Everything from the line containing "black and white photo" down to the last line below should be set down exactly, and only that, without the pictures.

--- Supplied data Enclosed Below ---

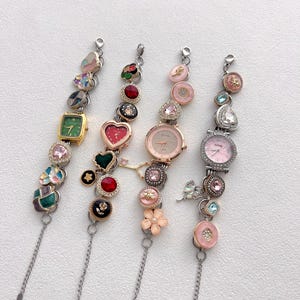 May include: Four decorative wristwatches with various embellishments. The watches feature different colored faces, including green, pink, and silver. Each watch is adorned with decorative charms, including hearts, flowers, and gemstones. The watch straps are silver chains.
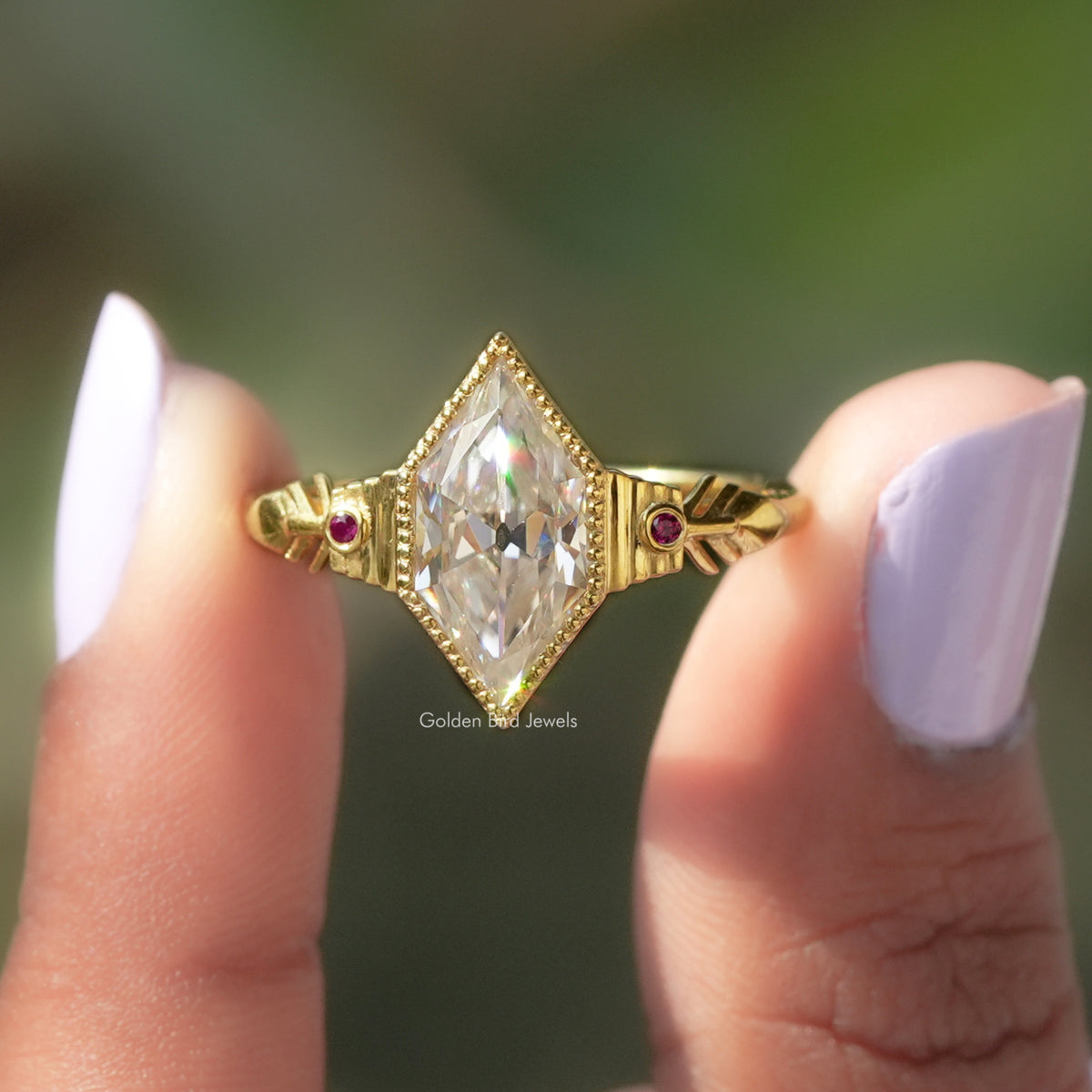 Two fingers holding the old mine dutch marquise cut moissanite ring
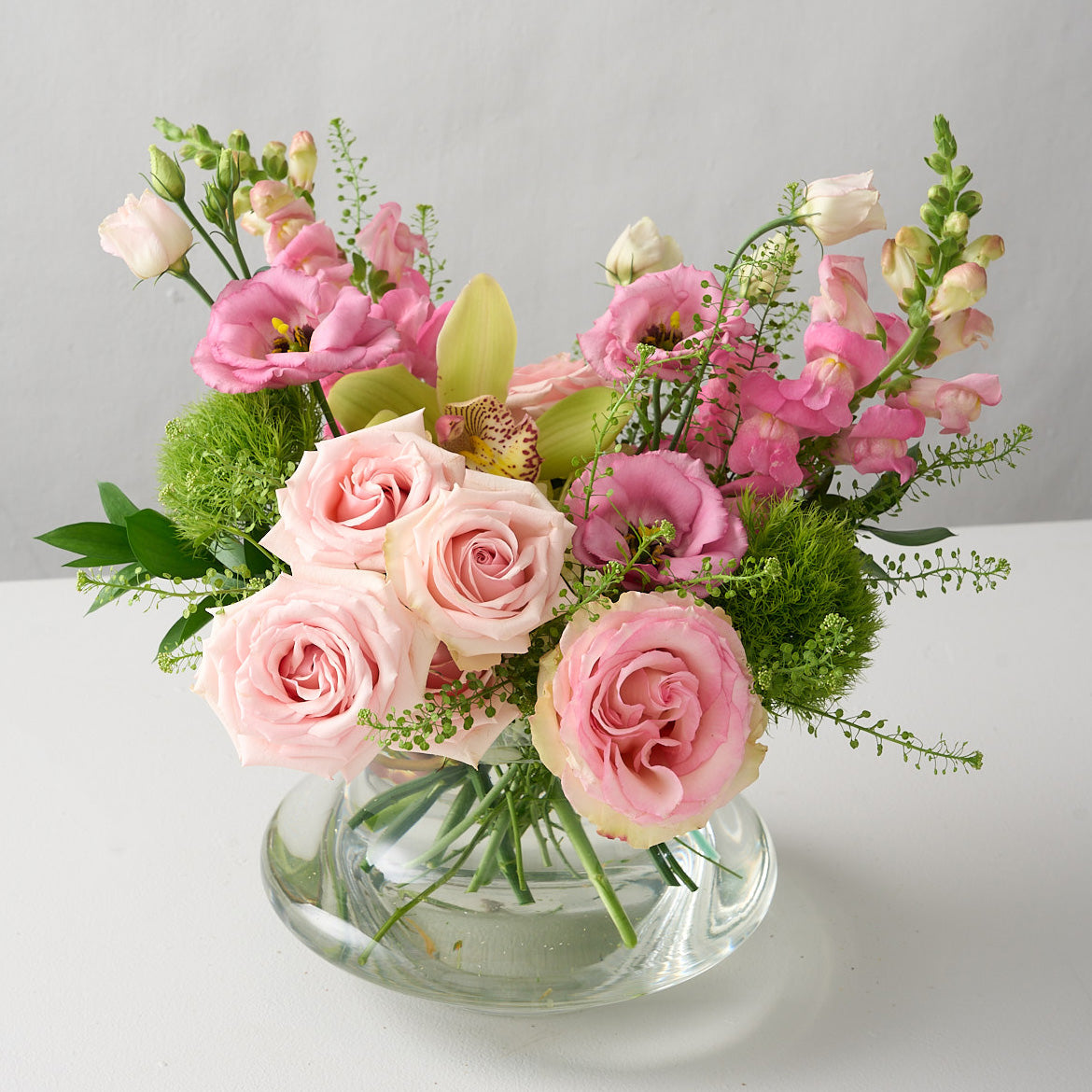 arrangement with pink roses, green trick mums, snap dragons in a low glass genie vase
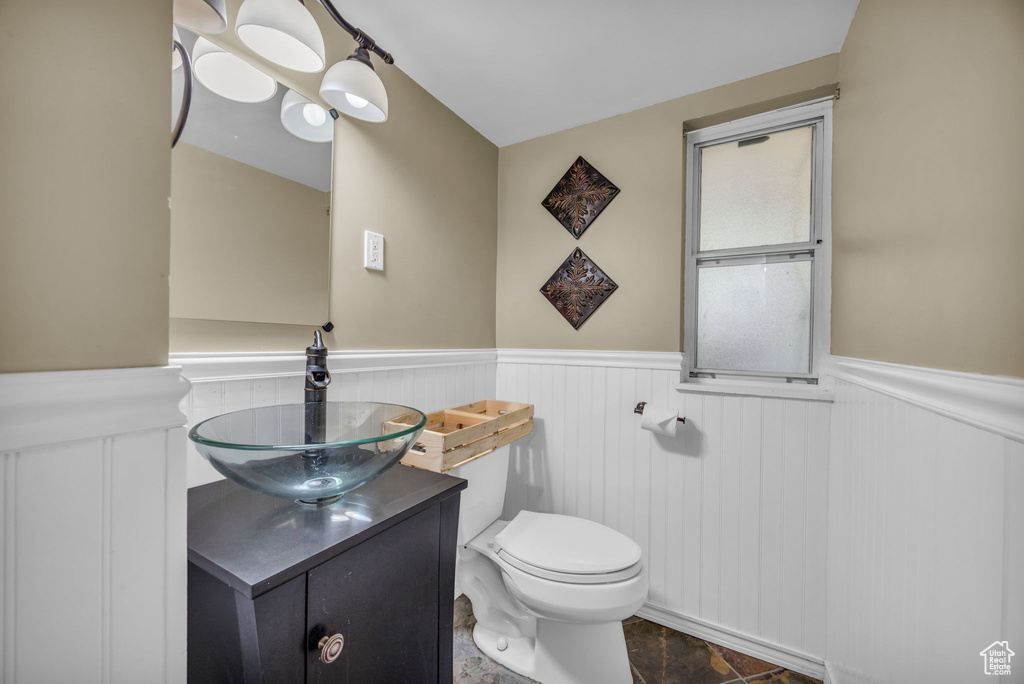 Bathroom with toilet and vanity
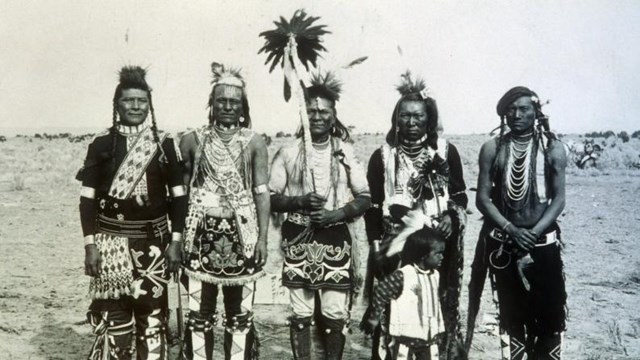 black and white photo of a group of five Shoshone dancers in traditional dress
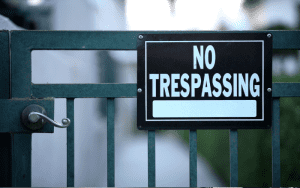 A metal gate with a prominent black and white "No Trespassing" sign mounted on it, partially blocking a narrow walkway between buildings.
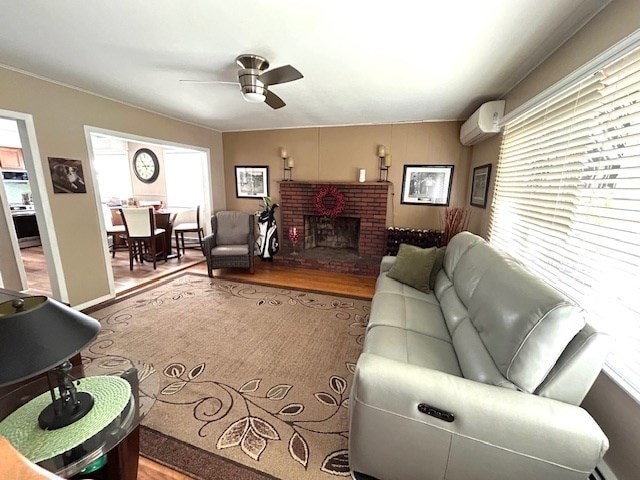 living room featuring a wall mounted AC, ceiling fan, wood-type flooring, crown molding, and a brick fireplace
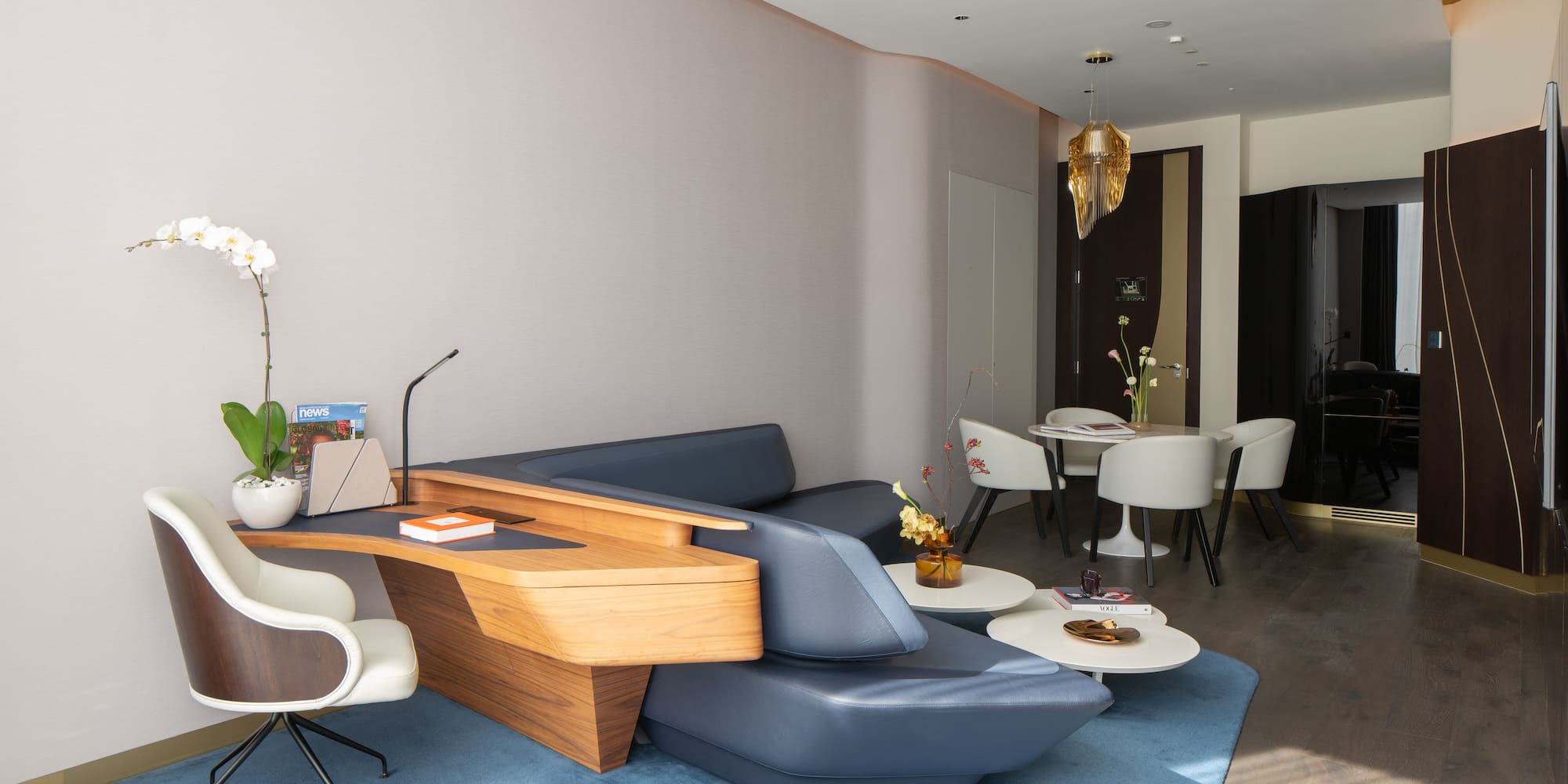 a room with a couch and chairs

--- End of Enclosed Supplied data ---

- _Answer below_
 black and white photo of a group of five Shoshone dancers in traditional dress
 A metal gate with a prominent black and white "No Trespassing" sign mounted on it, partially blocking a narrow walkway between buildings.
 living room featuring a wall mounted AC, ceiling fan, wood-type flooring, crown molding, and a brick fireplace
 a room with a couch and chairs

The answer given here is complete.